331. Verify Preorder Serialization of a Binary Tree

Description

The problem asks to determine whether a given preorder traversal string represents a valid serialization of a binary tree. The nodes in the tree are represented by integers and nulls, where null nodes are represented by # and the nodes are separated by commas.

A valid serialization must accurately represent a binary tree, with non-null nodes having exactly two children (either null or non-null), and null nodes indicating the absence of a subtree.

Intuition

The idea is to use a balance counter to represent the difference between the number of non-null nodes that expect child nodes and the number of child nodes provided by null nodes or subsequent non-null nodes.

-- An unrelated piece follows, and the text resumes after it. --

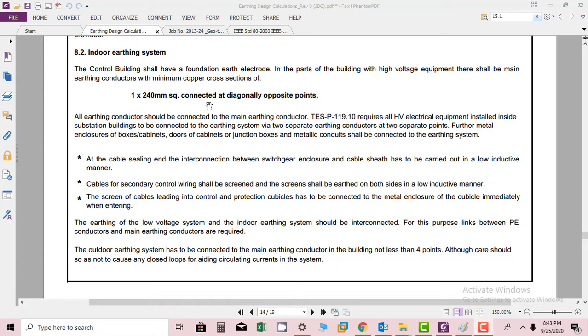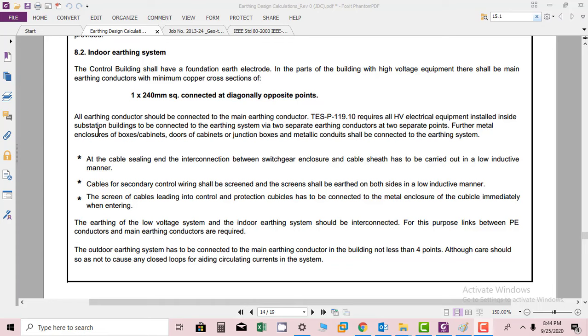All earthing conductors should be connected to main earthing conductor. As per TSP requirements, all HV equipment installed inside the substation building should be connected to earthing system via two separate earthing conductors at separate points.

  • Each non-null node increases the need for more child nodes (i.e., it adds two child "slots").
  • Each null node reduces the need for child nodes (i.e., it consumes one slot).
  • By the end of the traversal, all child node "slots" must be fully consumed for the serialization to be valid.

Approach

  1. Initial Balance: Start with a balance of 1, as the root node is expected.
  2. Traverse through Nodes: - For each node in the preorder string (split by commas): - If it's a null node (#), decrease the balance as it fills one child node slot. - If it's a non-null node, increase the balance by 1 (it contributes two new slots but fills one). - If at any point the balance becomes negative, it means there are too many null nodes, making the serialization invalid.
  3. Final Balance Check: After processing all nodes, the balance should be exactly zero, indicating all slots were properly filled.

Complexity

Time Complexity:

  • The function splits the input string by commas and iterates over the resulting nodes.
  • This gives a time complexity of (O(n)), where (n\) is the length of the preorder string.

Space Complexity:

  • The space complexity is (O(n)) due to the storage required for splitting the string into nodes.
  • The balance counter and a few other variables occupy constant space, so additional space usage is minimal.

Code

C++

class Solution {
public:
    bool isValidSerialization(string preorder) {
        int balance = 1;
        stringstream ss(preorder);
        string node;

        while (getline(ss, node, ',')) {
            if (balance <= 0) return false;
            if (node == "#") --balance;
            else ++balance;
        }
        return balance == 0;
    }
};

Python

class Solution:
    def isValidSerialization(self, preorder: str) -> bool:
        balance = 1
        for node in preorder.split(','):
            if balance <= 0:
                return False
            if node == '#':
                balance -= 1
            else:
                balance += 1
        return balance == 0

Java

class Solution {
    public boolean isValidSerialization(String preorder) {
        int balance = 1;
        String[] nodes = preorder.split(",");
        
        for (String node : nodes) {
            if (balance <= 0) return false;
            if (node.equals("#")) balance--;
            else balance++;
        }
        
        return balance == 0;
    }
}

JavaScript

/**
 * @param {string} preorder
 * @return {boolean}
 */
var isValidSerialization = function (preorder) {
    
    let balance = 1
    for (const node of preorder.split(','))
        if (balance > 0)
            if (node === '#') --balance
            else ++balance
        else return false
    return balance < 1
}